Task directions →
Repeat every record exactly, but omit the images.

Provided information →
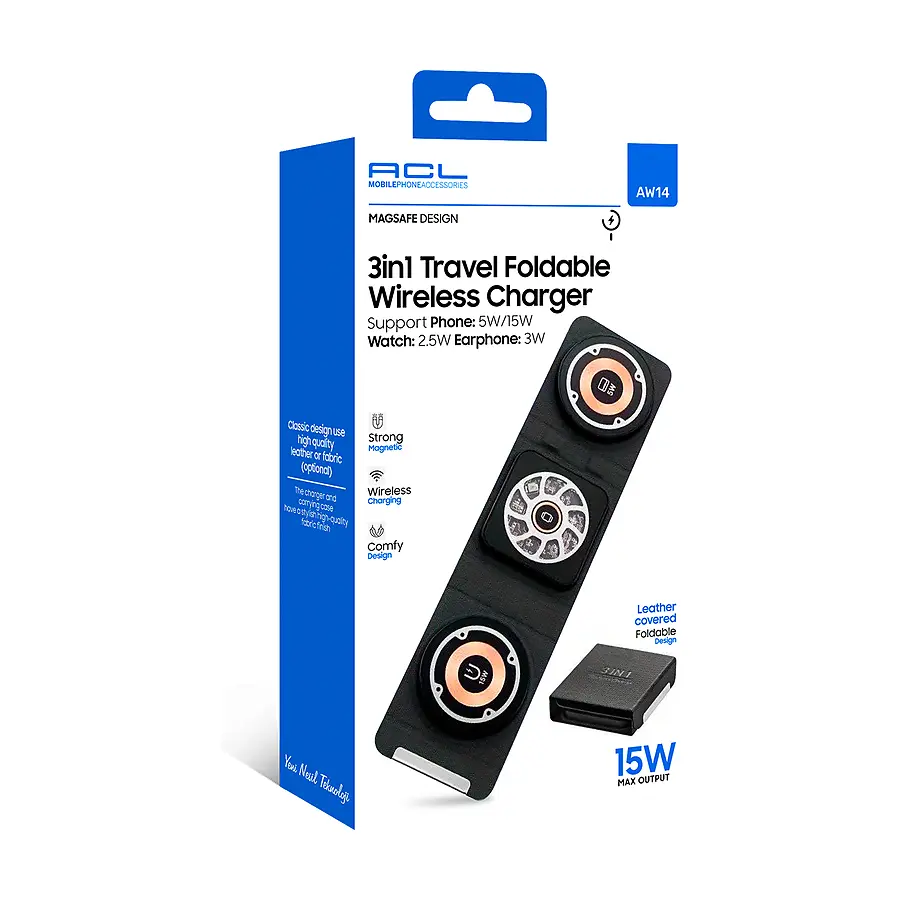AW14 - 3in1, 15 Watt Katlanabilir Wireless Şarj Standı - Toptan Kablosuz Şarj ürün görseli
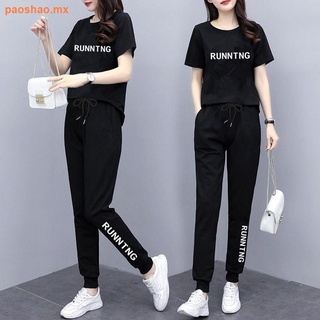 una sola pieza/traje de ocio deportes mujeres s verano 2021 nuevo negro gran tamaño coreano suelto pantalones de manga corta traje de dos piezas
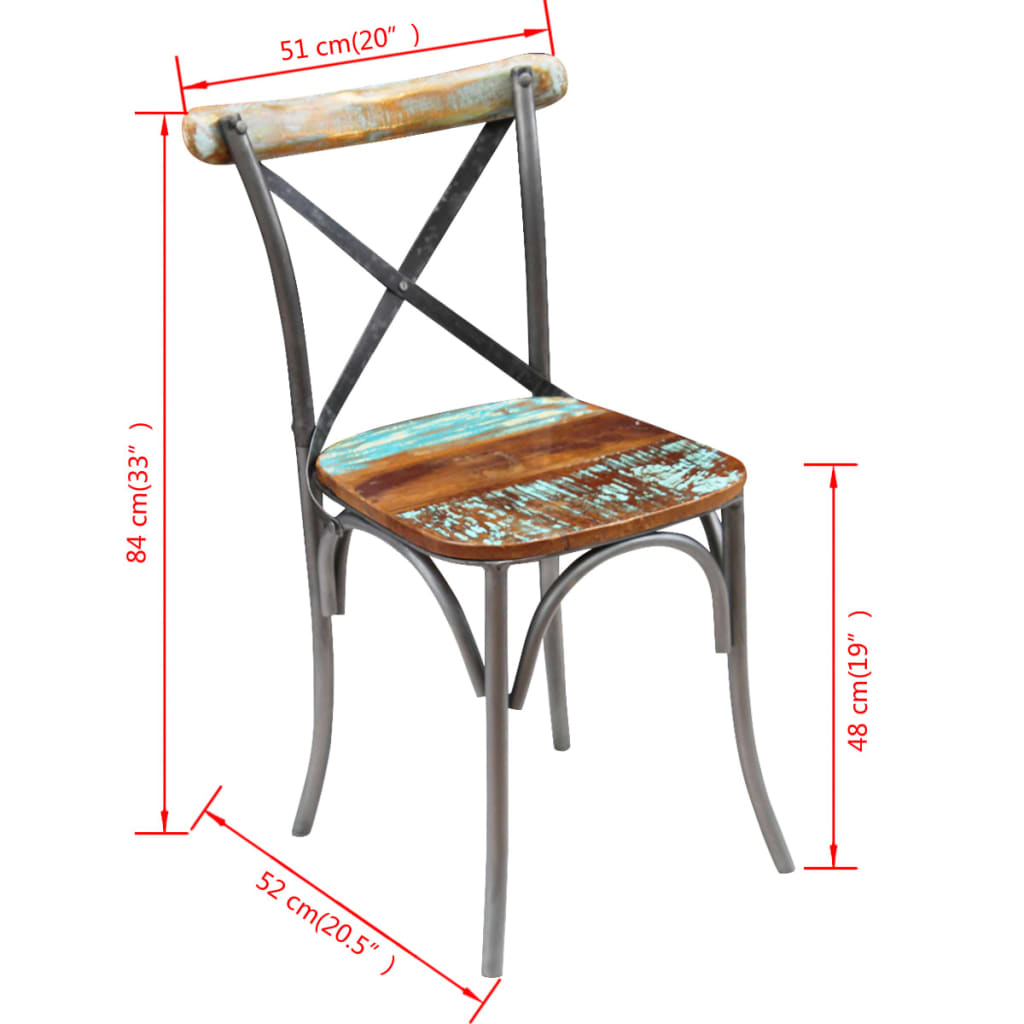 Chaises à manger lot de 6 bois de récupération massif Chaises de cuisine vidaXL   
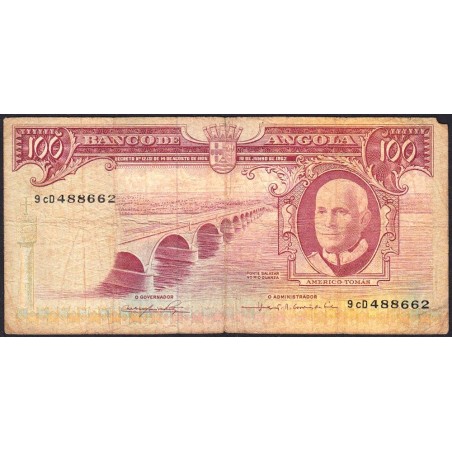 Angola - Pick 94 - 100 escudos - Série 9 cD - 10/06/1962 - Etat : B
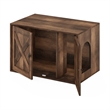 Pemberly Row Farmhouse Cat Litter Box Enclosure in Rustic Brown
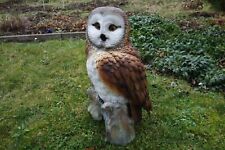 Eule Schleiereule lebensgroß 49x47cm Greifvogel Garten Deko  Figur lebensecht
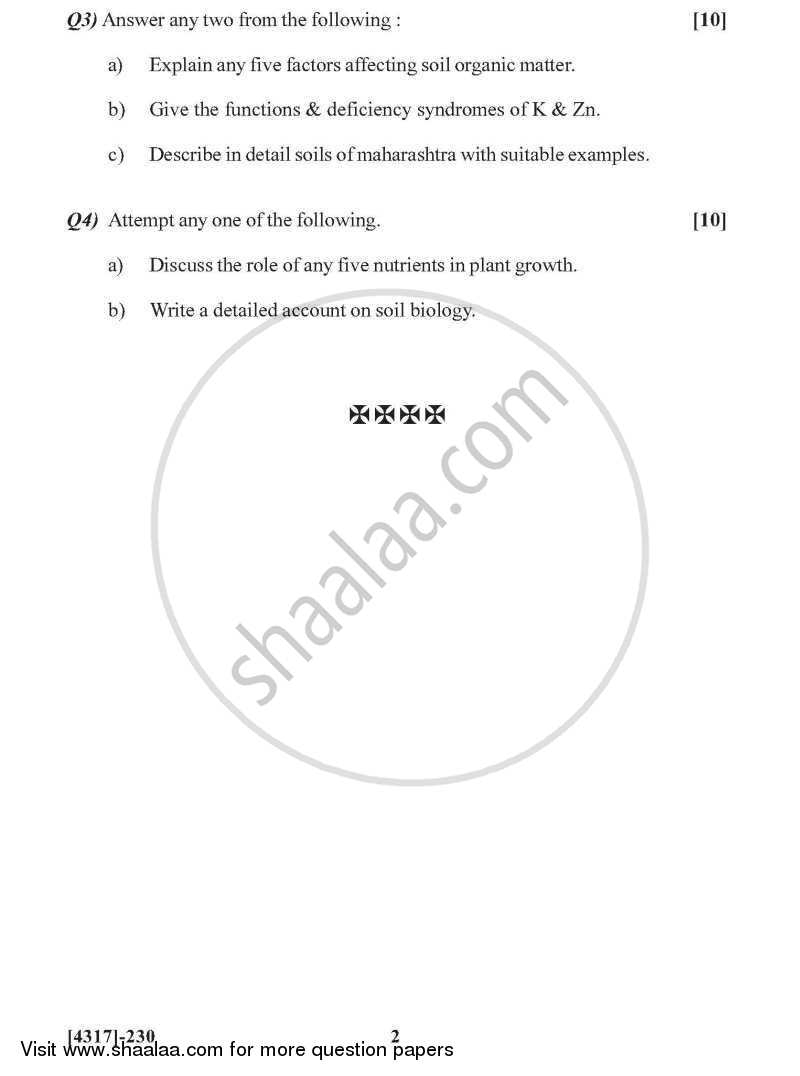 Soil Science 2013-2014 - B.Sc. - Semester 4 (SYBSc) - University of Pune question paper with PDF download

Output →
AW14 - 3in1, 15 Watt Katlanabilir Wireless Şarj Standı - Toptan Kablosuz Şarj ürün görseli
 una sola pieza/traje de ocio deportes mujeres s verano 2021 nuevo negro gran tamaño coreano suelto pantalones de manga corta traje de dos piezas
 Chaises à manger lot de 6 bois de récupération massif Chaises de cuisine vidaXL   
 Angola - Pick 94 - 100 escudos - Série 9 cD - 10/06/1962 - Etat : B
 Pemberly Row Farmhouse Cat Litter Box Enclosure in Rustic Brown
 Eule Schleiereule lebensgroß 49x47cm Greifvogel Garten Deko  Figur lebensecht
 Soil Science 2013-2014 - B.Sc. - Semester 4 (SYBSc) - University of Pune question paper with PDF download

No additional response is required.